I felt with a shiver we didn't belong here and never would.

The jeep took us to the Metropole Hotel. That had once been the hotel for the elite, back when the French were here. Now it was a safe house for CIA and other disreputable sorts like Special Forces.

Simons was waiting to brief us.

The mission was quite simple: Intelligence had somehow-I wasn't told how-found out where Ho Chi Minh, his main general, Vo Nguyen Giap, and the main command structure of the Communists were.

Bull Simons proposed to take a fifty-man team in after them.

"Assassination?"

"Don't ever use that word," he said, and there wasn't a smile on his face or voice. "We're to take Uncle Ho into custody. If he resists…" Simons shrugged his massive shoulders.

"Can I ask who approved this? Just out of curiosity, sir?"

"No," Simons said. "You can't. But I'll tell you there isn't any higher authority for us. And that doesn't mean Westy, either."

There were only two men above General William C. Westmoreland, Commanding General of all US Forces in Vietnam, Admiral Harry Felt, in Hawaii…

And President Nelson Rockefeller.

I knew enough, maybe more than I should.

Simons moved us from the safe house to a villa outside Hanoi, while the fifty men trickled in.

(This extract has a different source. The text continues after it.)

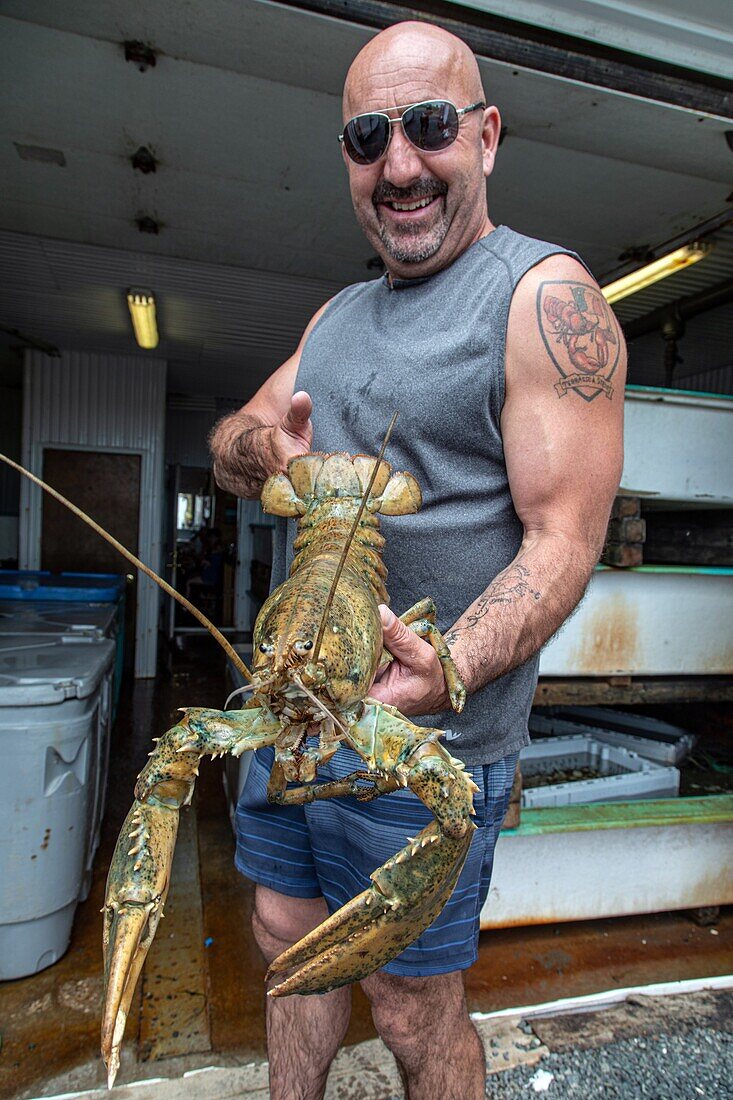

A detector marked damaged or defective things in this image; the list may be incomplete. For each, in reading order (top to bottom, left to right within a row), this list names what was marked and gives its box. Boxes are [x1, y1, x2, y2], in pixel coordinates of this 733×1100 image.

rust stain [561, 594, 638, 677]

I wondered if the Bull had gone quite mad picking me, for the men that came in were true legends: men like Dick Meadows, who'd snatched more prisoners with his recon teams than most American line battalions; Jerry "Mad Dog" Shriver, a man with the coldest eyes in the world, who seldom changed his clothes, and slept with a suppressed greasegun on his chest; David «Babysan» Davidson, who looked just like his nickname, who'd spent one out of five days of his life in Vietnam; Bob Howard, the most decorated soldier in all of America's history; supersniper John Plaster, others.

I complained to Simons that maybe I was out of my league, and he gave me a wintry smile.

"Look at it this way, Richardson. I need me somebody who won't go pulling an Audie Murphy, and will cover my ass, or my flanks, and not go yodeling forward like a Custer."

"Thanks, sir. I think."

I thought that if this mission were a disaster, it would be years before Special Forces would be able to rebuild its strength.

But failure wasn't on the agenda.

And then there were fifty of us. All of us were Americans, except for ten hand-picked Montagnards, Rhades. All of them had served in our camps for years, and were as trusted as any roundeye.

NOFORN, as it was said. No foreigners, who might just have loose lips or, as we'd found on occasion, those whose real loyalties were with Ho Chi Minh.